I also wonder how this could be "legal" and how could $2000 pesos be enough "incentive" for those invloved to create a file at migraciones, get the visa approved and entered into the system, and the DNI issued.
 
Even if this all is fake, 2000 pesos would not be worth the work to fake all this. I would say that if it is too good to be true, it probably is.

I am trying to add up all the cost I paid over the years to get my permanent residency...the last step involved a gov. fee of about 800 pesos alone, not counting all the other little fees from the three years process, there is no way this is legit. Just throw your money in the street. Same end result.
 
I paid a little more than that to my lawyer to get my permanent DNI, starting almost three years ago (I know the price has gone up quite a bit since then, and many lawyers back then charged as much as three times what I paid). Half on completion of temporary residency, other half on delivery of DNI. It just so happened that my process took so long (due to my issues, not my lawyer's) that I received a permanent resident visa as my first DNI. Heh.

In my opinion, it's not necessarily a bad thing you're friend is looking at.

Steve is right though - they can't do everything for your friend. He'll have to go get his fingerprints. He has to be there the day he applies. Other times here and there if there are issues to deal with. But everything else my lawyer handled for me - he did ALL the legwork for me, including getting my FBI report (I got the fingerprints but he did the rest, including paying for it and then charged me as an extra fee, all agreed up front) and reviewing all of the documents, telling me where we needed to make adjustments, taking them to his contacts in immigrations and ensuring there were no snafus, etc. He was always dependent on following the process up and making sure that things were moving along. He even ended up picking up my DNI from the distribution center, even though you're supposed to have to do that in person.

Steve and I have a difference of opinion on whether or not to use a lawyer but he had a much easier time of it than I did.
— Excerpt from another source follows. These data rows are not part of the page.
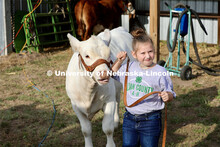 Showing cattle at the 4-H Logan County Fair in Stapleton, Nebraska. August 11, 2022. 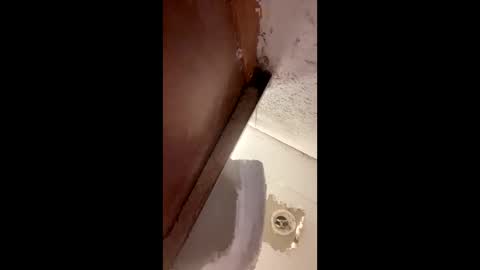 toronto5656 online show from 12, 1, 2025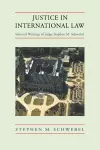 Justice in International Law cover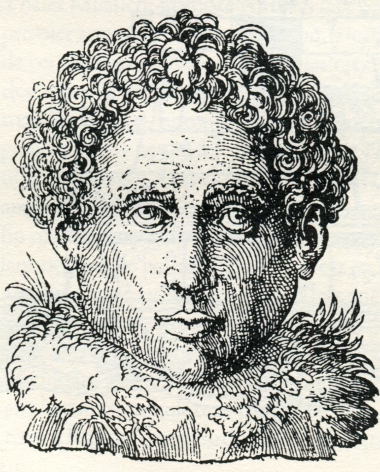 Σχεδιαστική απόδοση του κεφαλιού της Σφίγγας στις Πυραμίδες της Αιγύπτου.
It was worth the money to me to be able to work and concentrate on my daily life than worry about all that.

If they tell your friend they can do all those other things that we all know he's going to have to do personally, watch out and try to see where the scam is.

The rentista visa - I don't know that it's true they don't do checks to verify things. I have a friend who is getting a rentista visa through a company he owns in Panama. He had to have accounting reports (which he got himself through his accountant in Panama and passed on to the lawyer) showing that the company is a going concern and has money to pay the monthly requirement. In order to qualify the money for the rentista visa, it basically had to come from an investment - he was a part owner of the company and the money that would qualify were dividends paid by the company to him as a shareholder. Immigrations here DID follow up on his stuff, including rejecting his first application and making him make a second that hasn't been ruled on yet.

There are various "gray" means to meet the qualifications of a rentista visa and I don't know - maybe this company your asking about provides something like that?

If there is a problem with whatever process they use, I doubt you would go to jail, but you may not be able to apply for any other residency as a result and may even be shown the door - I don't know.

As far as using some sort of facilitator who has contacts in immigrations and can get the job done with as little headache for you as can be managed (there will be some, it is completely unavoidable to at least some extent) for $400 US (I'd pay him dollars at a 5-1 exchange rate if you can work it out with him), I'd try it, particularly if you don't have to pay anything up front.

BTW - do be prepared to pay all the fees that you have to pay for application of residency, application for DNI, various fees here and there, etc, that have all been discussed before. I doubt very much the price includes these items.
 
garygrunson said:
I am trying to add up all the cost I paid over the years to get my permanent residency...the last step involved a gov. fee of about 800 pesos alone, not counting all the other little fees from the three years process...

I doubt the fee the company is asking for includes the fees he has to pay personally. They may not have stated it, but they're not going to pay those fees for him. It's not very uncommon for them not to mention that, but he'd find out when they came to him and asked him for the fees for getting started. Nothing up front means nothing of their $2000 pesos up front I'm sure.